Si tratta di un neo vistoso nel clima concorde e quasi di festa preventiva che ha accompagnato il vertice di domenica a Arcore, nella villa di Berlusconi. E sembra la conferma di una strategia che, da FI a Fratelli d’Italia, tende a condizionare le mosse della Lega anche dall’interno: almeno nel senso di escludere qualunque intesa con i seguaci di Beppe Grillo. Sotto questo aspetto, Maroni può rivelarsi una pedina fondamentale. Promettendo lealtà a Salvini nonostante le differenze di vedute, e mostrandosi disponibile a candidarsi, il governatore si pone come futuro mediatore con Berlusconi.
Ricorda di sapere «cosa vuol dire governare». E evocando «un’Italia ridotta a Spelacchio», il controverso albero di Natale messo dai grillini in piazza Venezia, a Roma, scomunica il dialogo con il M5S. Il problema è che Salvini ha scomunicato da tempo, e continua a esorcizzare qualunque «inciucio» tra Berlusconi e il Pd renziano dopo le elezioni. Rimane dunque da capire quale delle due scomuniche prevarrà, una volta analizzati i numeri parlamentari dei tre schieramenti. Le premesse parlano di una sostanziale unità del centrodestra nella prospettiva della vittoria, o quasi.
Ma se, come è probabile, la vittoria sfuma, bisognerà guardarsi intorno; e scegliere con chi allearsi. Dal centrosinistra, ha confermato al Corriere il ministro dell’Economia, Pier Carlo Padoan, arrivano messaggi concilianti verso Berlusconi. Il problema è se una prospettiva del genere produrrà lo strappo di una Lega che sta costruendo l’identità sul «no» a qualunque accordo con gli avversari, e candida Salvini a premier. L’equilibrio tra i due principali alleati del centrodestra è solido fino alle elezioni. Ma dopo, potrebbe rivelarsi più fragile di quanto appaia.
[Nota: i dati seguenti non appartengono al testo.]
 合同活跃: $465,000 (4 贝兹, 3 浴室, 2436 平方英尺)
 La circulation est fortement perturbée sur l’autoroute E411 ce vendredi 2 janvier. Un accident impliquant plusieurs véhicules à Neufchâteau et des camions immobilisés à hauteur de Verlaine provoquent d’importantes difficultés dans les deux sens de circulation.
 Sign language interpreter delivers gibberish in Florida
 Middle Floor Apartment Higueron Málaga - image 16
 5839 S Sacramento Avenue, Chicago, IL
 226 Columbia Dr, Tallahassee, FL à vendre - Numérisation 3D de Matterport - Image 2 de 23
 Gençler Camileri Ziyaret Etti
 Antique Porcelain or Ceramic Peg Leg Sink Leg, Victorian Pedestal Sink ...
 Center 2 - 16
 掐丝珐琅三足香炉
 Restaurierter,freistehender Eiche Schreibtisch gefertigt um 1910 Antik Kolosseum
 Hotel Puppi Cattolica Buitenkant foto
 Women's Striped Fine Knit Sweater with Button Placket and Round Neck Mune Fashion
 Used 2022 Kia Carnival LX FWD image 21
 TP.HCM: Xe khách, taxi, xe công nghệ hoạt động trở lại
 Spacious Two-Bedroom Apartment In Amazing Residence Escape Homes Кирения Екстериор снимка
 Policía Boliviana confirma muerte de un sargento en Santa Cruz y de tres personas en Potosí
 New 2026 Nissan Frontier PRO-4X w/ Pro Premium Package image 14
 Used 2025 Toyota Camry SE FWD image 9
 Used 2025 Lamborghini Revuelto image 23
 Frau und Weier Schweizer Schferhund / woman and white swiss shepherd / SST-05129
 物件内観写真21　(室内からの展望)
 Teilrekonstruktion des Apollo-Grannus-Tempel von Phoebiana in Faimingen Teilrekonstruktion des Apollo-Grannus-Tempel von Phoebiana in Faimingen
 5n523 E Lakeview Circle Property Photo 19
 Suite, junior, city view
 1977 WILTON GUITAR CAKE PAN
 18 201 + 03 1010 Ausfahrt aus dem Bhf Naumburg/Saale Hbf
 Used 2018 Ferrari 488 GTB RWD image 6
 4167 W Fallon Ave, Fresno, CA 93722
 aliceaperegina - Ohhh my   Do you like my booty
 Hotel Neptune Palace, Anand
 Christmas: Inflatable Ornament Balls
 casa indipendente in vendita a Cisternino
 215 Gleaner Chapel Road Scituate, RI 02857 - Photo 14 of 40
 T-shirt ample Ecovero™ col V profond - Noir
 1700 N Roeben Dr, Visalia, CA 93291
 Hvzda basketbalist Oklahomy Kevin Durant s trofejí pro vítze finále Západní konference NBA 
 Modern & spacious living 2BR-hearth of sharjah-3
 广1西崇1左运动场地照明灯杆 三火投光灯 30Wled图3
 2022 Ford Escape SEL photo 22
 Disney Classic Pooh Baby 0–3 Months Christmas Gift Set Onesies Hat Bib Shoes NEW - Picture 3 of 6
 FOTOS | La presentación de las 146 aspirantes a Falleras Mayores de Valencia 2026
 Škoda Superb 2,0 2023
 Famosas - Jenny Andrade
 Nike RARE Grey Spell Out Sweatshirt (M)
Colpisce la determinazione con la quale Berlusconi accerchia la strategia leghista. L’inserimento di una formazione centrista dopo il vertice a tre di Arcore, unito all’antico rapporto con Umberto Bossi e Maroni, conferma il tentativo di ridare alla coalizione una silhouette moderata. Pazienza se poi lo stesso Berlusconi si condanna di nuovo a una campagna elettorale con promesse irrealizzabili; e può al massimo mettere nel simbolo la parola «presidente», essendo tuttora ineleggibile. Al momento, la sua competizione è per il primato su Salvini. Solo a urne aperte deciderà come spenderlo.